▶ [MATERIAL PROVIDED]:
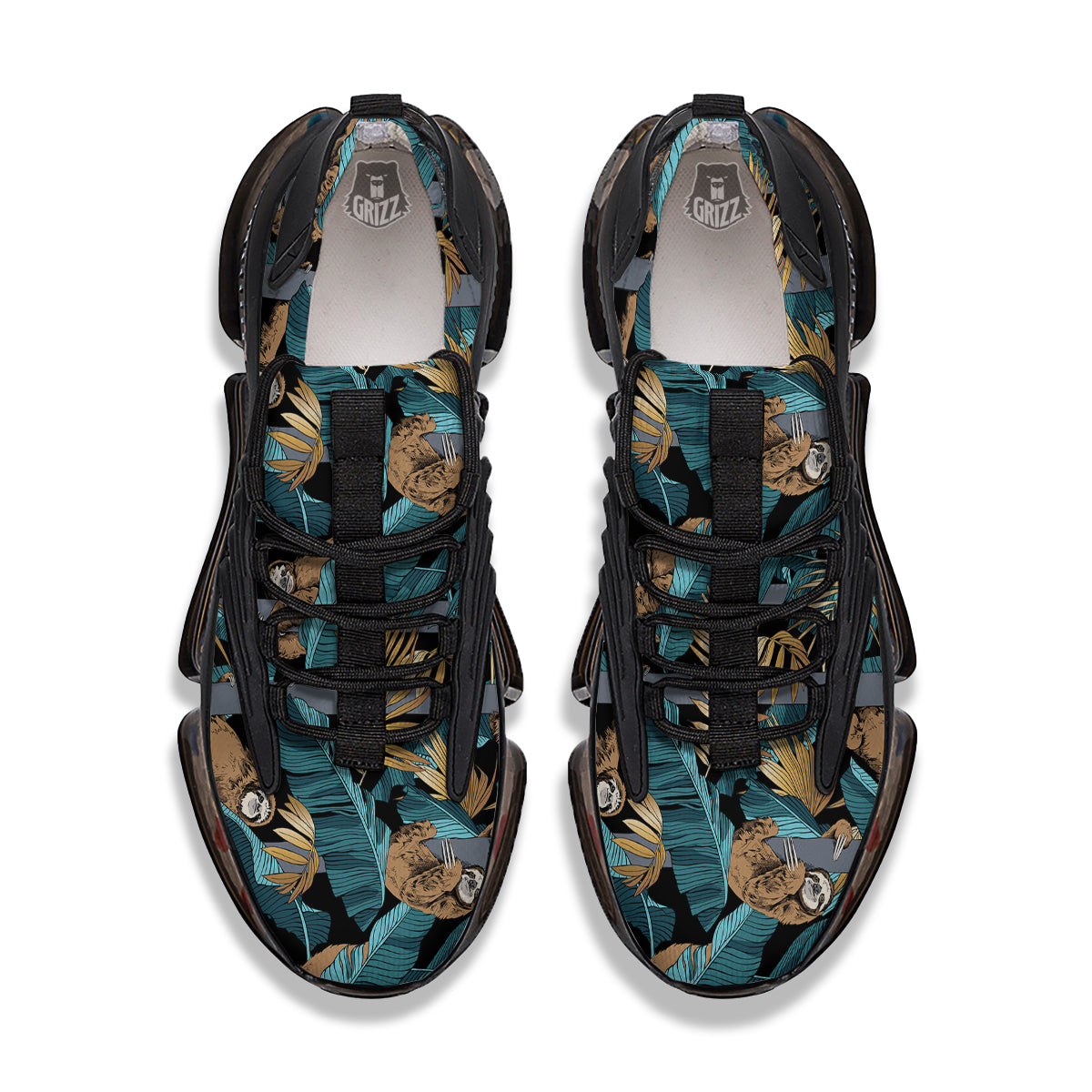 Sloth Tropical Print Pattern Black Gym Shoes-grizzshop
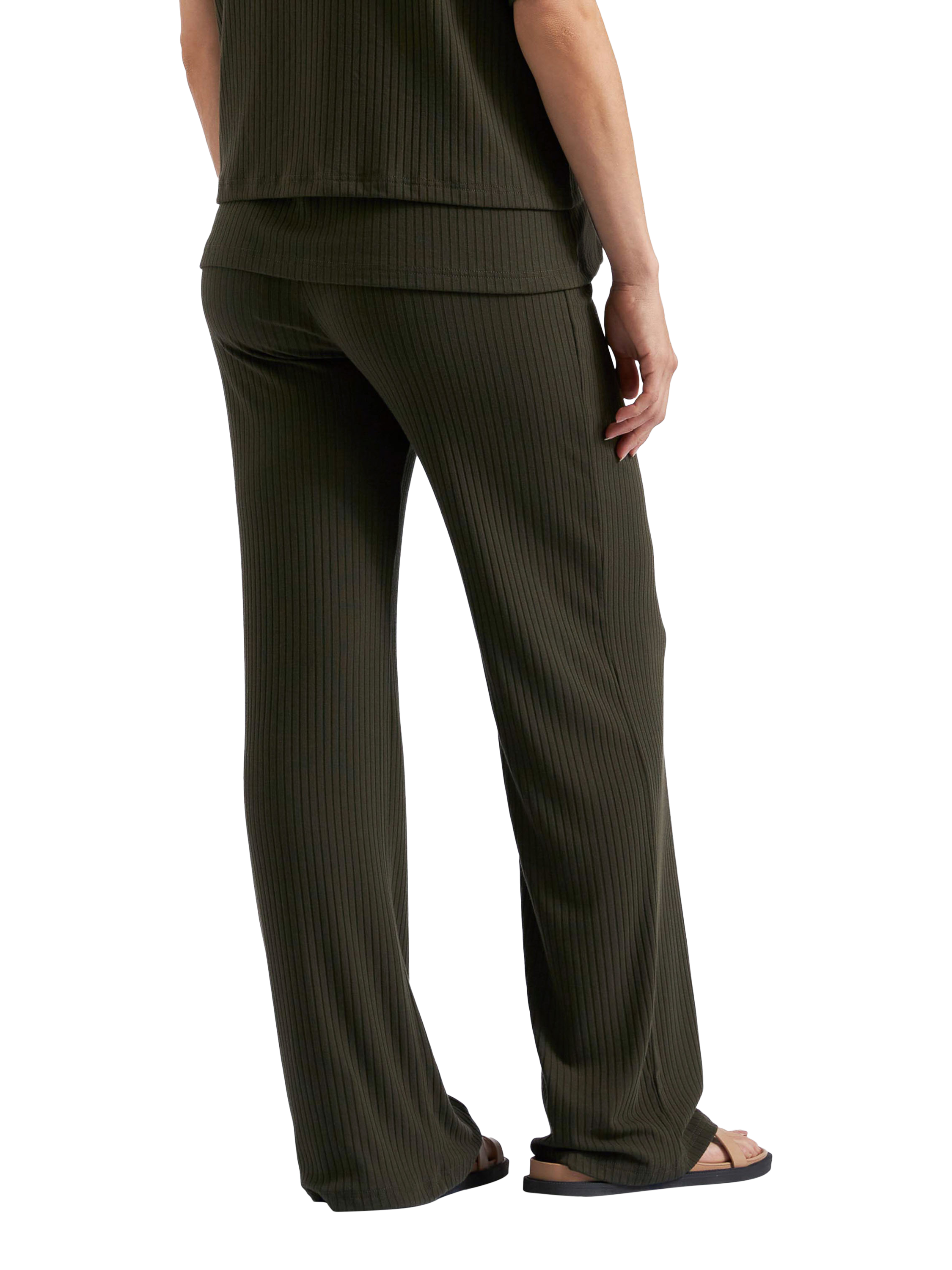 Product image 4 of 6, which shows Ripe Cindy Rib Maternity Trousers, Khaki, XS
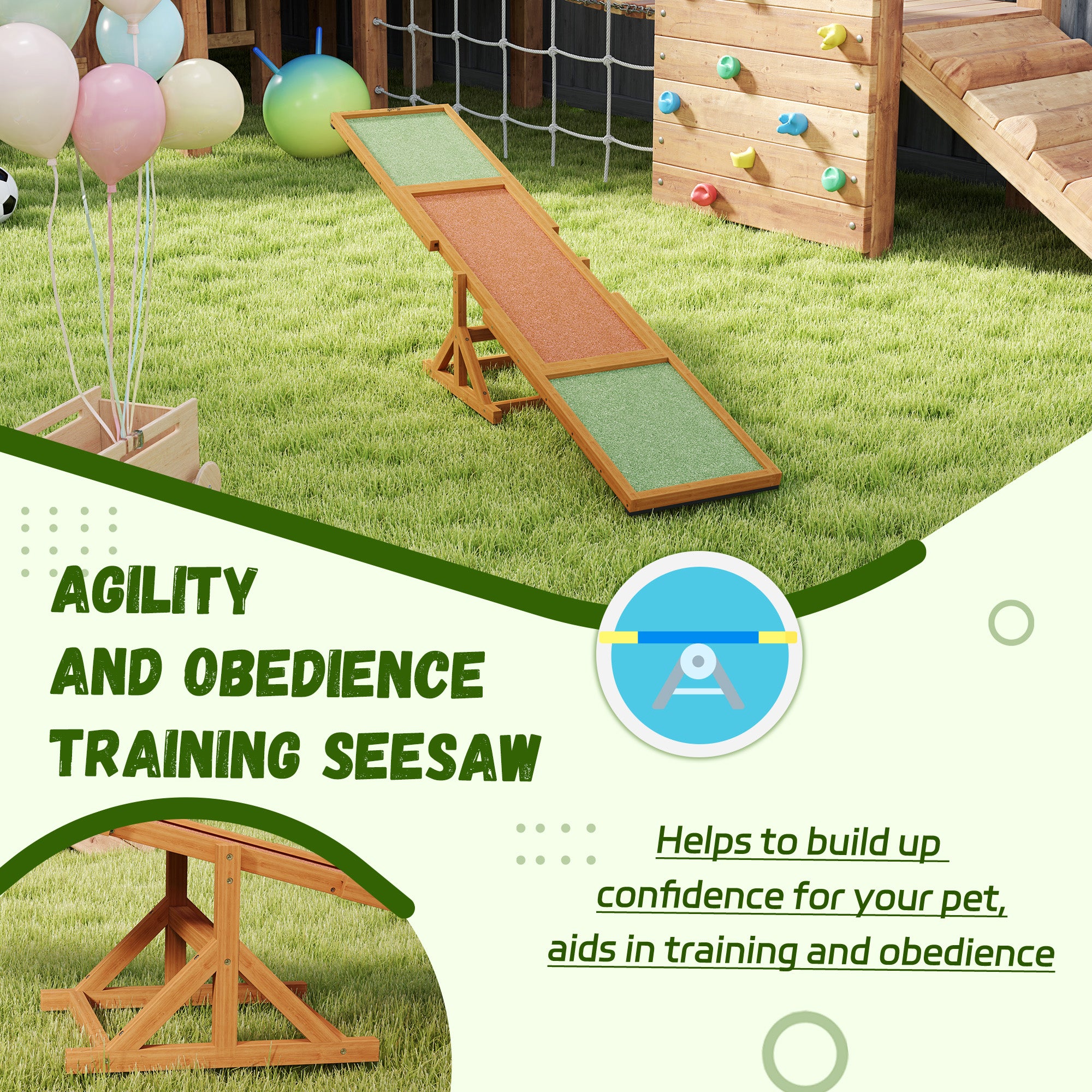  Wooden Dog Agility Seesaw for Training and Exercise, Weather Resistant, 83" L x 16" W x 14" H, Orange — Dog Training | GetPa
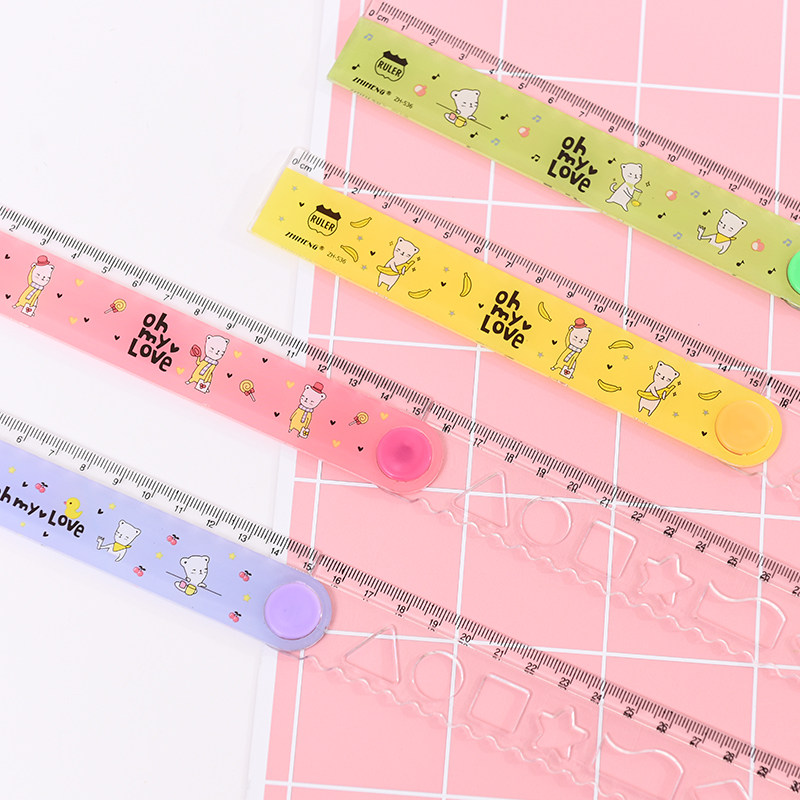 儿童学生折叠尺子创意可爱30cm直尺办公绘画测量数学学习文具用品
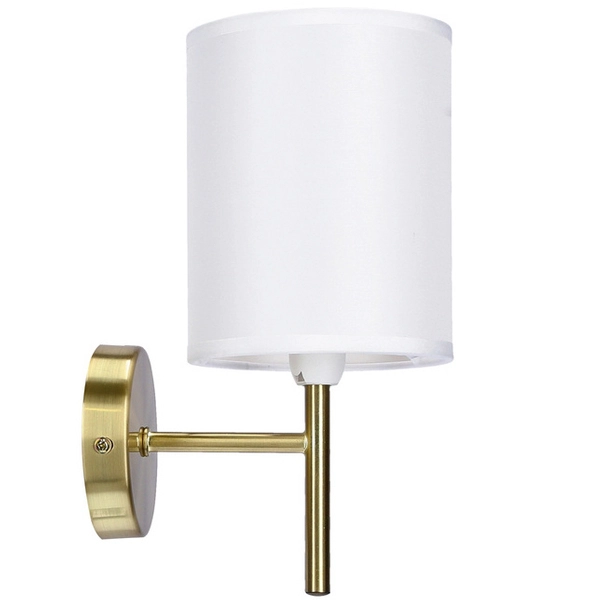 Kinkiet lampa ścienna YAN 21-45386 abażurowa tuba klasyczna biała patyna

▶ [HOW TO COMPLETE THIS TASK]:
Repeat exactly the lines above, from the line containing "Product image 4" through the last line of the records, inclusive; omit any pictures.

▶ [YOUR SOLUTION]:
 Product image 4 of 6, which shows Ripe Cindy Rib Maternity Trousers, Khaki, XS
  Wooden Dog Agility Seesaw for Training and Exercise, Weather Resistant, 83" L x 16" W x 14" H, Orange — Dog Training | GetPa
 儿童学生折叠尺子创意可爱30cm直尺办公绘画测量数学学习文具用品
 Kinkiet lampa ścienna YAN 21-45386 abażurowa tuba klasyczna biała patyna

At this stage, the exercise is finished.